Dans le catholicisme romain, l’anglicanisme et le luthéranisme, cette union est établie par le baptême et nourrie par les sacrements, qui sont considérés comme les moyens privilégiés par lesquels la grâce est communiquée. Le mysticisme met tellement l’accent sur l’identification du Christ avec le chrétien qu’il prétend qu’une sorte de fusion complète a lieu, bien qu’ils restent des personnes distinctes. Le rationalisme religieux imagine Dieu comme une réalité immanente au monde et à l’esprit humain.

Le Christ est immanent à la nature et à l’esprit humains. Par conséquent, le salut est pensé de manière universelle, indépendamment de la foi consciente de l’homme en Christ. C’est pourquoi il cite souvent le texte biblique : « De même qu’en Adam tous meurent, de même en Christ tous seront rendus vivants » (1 Co 15, 22).

Le Vrai cep est une parabole donnée par Jésus-Christ. Elle est citée dans l’Évangile selon saint Jean. Elle parle de l’importance pour le croyant de rester attacher au vrai cep qui symbolise le Christ, cela pour porter du fruit en abondance. Les fruits, étant à l’image de la relation entre le sarment et le plant principal par la sève qui circule entre les deux, peuvent faire référence à beaucoup d’autres passages bibliques comme celui des fruits de l’Esprit en Galate 5 verset 22.

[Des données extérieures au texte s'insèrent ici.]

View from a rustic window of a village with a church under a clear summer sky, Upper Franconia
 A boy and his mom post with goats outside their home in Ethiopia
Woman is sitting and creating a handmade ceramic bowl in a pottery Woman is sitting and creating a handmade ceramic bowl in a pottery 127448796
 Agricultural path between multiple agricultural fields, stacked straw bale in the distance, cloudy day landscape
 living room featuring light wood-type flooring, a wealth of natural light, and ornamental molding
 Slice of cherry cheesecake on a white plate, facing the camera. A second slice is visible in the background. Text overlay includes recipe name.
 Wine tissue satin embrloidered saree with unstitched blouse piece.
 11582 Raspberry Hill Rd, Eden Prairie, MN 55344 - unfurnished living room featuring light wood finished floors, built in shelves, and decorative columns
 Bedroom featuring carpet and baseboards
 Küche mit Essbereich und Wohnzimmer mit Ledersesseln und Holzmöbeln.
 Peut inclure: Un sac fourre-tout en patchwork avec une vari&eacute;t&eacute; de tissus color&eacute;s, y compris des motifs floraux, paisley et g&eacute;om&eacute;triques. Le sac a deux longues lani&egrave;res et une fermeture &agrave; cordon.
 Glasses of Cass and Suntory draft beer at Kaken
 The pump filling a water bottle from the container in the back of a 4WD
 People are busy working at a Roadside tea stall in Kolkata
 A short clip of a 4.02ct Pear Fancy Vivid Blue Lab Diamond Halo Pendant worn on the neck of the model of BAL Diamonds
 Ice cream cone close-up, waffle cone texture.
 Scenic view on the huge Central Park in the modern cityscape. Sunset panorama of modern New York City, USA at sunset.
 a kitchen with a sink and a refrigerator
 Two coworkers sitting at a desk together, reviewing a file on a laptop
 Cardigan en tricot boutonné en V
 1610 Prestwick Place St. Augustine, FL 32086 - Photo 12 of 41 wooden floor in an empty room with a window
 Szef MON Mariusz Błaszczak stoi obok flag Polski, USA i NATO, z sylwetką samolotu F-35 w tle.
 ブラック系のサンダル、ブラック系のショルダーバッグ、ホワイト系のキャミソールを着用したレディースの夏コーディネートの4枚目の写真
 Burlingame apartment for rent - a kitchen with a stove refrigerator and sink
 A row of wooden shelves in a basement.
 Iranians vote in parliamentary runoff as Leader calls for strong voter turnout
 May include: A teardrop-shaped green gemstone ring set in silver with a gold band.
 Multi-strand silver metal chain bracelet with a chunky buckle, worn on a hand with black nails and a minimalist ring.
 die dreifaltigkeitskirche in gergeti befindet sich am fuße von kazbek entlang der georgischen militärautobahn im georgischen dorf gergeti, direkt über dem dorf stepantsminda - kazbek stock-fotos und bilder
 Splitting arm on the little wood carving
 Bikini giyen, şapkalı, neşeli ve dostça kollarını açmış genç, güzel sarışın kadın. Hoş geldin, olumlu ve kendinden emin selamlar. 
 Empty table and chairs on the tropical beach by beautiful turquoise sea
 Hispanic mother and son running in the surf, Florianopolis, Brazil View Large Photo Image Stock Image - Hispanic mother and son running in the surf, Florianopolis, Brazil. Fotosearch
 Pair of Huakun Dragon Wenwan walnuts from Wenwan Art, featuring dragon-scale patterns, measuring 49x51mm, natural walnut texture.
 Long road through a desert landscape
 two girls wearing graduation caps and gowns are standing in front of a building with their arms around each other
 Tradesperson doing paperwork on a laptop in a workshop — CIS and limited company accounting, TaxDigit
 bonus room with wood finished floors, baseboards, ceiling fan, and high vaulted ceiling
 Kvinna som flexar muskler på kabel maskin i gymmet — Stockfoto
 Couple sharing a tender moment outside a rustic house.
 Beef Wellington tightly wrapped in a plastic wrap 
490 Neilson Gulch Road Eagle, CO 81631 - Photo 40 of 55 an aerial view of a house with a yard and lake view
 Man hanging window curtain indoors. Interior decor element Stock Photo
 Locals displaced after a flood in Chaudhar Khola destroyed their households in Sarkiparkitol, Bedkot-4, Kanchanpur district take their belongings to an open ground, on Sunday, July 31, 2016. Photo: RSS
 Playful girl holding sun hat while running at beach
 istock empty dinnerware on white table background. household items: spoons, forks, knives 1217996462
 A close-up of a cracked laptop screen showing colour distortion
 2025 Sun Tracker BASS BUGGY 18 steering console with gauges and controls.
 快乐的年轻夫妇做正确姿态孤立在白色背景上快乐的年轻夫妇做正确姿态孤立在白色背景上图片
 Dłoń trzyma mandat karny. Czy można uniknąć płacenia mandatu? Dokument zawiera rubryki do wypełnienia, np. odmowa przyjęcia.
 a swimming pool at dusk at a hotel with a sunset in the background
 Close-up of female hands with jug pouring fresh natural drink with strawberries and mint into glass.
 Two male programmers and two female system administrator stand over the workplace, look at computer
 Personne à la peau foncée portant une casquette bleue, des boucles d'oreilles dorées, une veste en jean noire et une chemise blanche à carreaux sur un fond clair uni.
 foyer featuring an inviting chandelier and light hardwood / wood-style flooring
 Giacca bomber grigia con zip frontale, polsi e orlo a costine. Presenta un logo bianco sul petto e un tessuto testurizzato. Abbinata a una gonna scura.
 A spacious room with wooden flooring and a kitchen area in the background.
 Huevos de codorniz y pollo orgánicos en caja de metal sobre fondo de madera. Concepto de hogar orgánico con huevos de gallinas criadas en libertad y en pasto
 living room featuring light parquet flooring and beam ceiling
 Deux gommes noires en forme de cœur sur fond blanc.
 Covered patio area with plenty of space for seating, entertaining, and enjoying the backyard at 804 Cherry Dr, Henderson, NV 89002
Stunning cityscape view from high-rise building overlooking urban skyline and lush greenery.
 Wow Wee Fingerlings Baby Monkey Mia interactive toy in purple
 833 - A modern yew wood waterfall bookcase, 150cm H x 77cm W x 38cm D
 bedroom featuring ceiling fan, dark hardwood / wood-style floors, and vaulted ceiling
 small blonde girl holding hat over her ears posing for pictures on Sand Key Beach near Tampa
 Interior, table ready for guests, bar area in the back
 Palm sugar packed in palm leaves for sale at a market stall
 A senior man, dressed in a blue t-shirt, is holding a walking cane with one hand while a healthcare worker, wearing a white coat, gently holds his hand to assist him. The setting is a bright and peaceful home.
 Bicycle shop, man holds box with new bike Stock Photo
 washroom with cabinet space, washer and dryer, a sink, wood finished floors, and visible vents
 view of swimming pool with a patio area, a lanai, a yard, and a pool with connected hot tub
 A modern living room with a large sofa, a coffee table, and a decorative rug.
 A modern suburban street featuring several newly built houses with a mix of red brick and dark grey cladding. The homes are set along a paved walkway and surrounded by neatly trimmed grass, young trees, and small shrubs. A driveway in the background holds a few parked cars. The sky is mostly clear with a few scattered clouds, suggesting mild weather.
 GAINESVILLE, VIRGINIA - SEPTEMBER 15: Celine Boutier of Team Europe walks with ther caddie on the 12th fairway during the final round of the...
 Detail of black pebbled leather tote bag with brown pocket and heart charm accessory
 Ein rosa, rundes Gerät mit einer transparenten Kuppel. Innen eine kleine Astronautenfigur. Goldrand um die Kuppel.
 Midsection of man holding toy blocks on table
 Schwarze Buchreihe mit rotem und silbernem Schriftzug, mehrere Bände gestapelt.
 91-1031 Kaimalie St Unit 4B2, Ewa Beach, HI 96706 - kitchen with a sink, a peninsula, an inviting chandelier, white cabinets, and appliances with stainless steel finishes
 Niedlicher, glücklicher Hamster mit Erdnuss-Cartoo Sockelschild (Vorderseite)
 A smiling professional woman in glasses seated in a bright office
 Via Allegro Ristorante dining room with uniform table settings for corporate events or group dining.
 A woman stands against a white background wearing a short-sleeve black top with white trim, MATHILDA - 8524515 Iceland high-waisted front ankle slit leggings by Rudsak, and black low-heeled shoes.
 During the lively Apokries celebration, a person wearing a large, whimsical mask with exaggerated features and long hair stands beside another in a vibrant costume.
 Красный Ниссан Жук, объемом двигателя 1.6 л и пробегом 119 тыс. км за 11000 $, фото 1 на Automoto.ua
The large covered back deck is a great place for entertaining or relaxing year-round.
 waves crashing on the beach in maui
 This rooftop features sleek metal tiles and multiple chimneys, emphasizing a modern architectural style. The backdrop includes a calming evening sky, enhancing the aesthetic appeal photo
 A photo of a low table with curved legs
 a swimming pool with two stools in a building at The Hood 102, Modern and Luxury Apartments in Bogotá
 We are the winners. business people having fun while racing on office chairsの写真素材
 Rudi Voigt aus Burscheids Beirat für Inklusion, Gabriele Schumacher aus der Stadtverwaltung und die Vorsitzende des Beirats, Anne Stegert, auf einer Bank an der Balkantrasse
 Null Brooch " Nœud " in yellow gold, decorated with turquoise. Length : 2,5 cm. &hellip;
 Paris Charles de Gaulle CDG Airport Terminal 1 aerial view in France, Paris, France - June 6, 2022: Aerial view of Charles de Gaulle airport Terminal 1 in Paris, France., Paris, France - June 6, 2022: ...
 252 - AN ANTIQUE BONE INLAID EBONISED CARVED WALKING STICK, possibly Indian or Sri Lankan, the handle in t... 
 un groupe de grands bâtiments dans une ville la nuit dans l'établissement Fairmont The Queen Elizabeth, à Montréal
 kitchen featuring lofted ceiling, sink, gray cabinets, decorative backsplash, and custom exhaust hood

Pour saint Augustin, les sarments sont dans la vigne afin de recevoir d’elle leur principe de vie. Les humains doivent rester attacher aux vertus données, à la parole transmise par le Christ afin de donner des fruits sains. Benoît XVI dans un commentaire, aborde le sujet de la liberté et des préceptes divins. Mélanger les deux n’est pas incompatible. Il faut écouter Dieu et il nous donnera la force pour créer et marcher dans notre chemin. La récolte spirituelle sera alors abondante.

Que signifie être chrétien ?

Cette page de l’Évangile de Jean nous conduit au cœur même de la foi : Jésus explique enfin à ses disciples ce que signifie être son disciple. Jésus n’est pas seulement un guide ou un compagnon, un ami ou un frère. Il est notre vie. Il est vivant en chacun de nous et nous fait vivre sa vie divine. Il nous enseigne qu’il est la vraie vigne, mais pas la seule ; il est le cep, le tronc auquel il veut rattacher tous ceux qu’il appelle à la vie : « Je suis la vigne et vous êtes les sarments ».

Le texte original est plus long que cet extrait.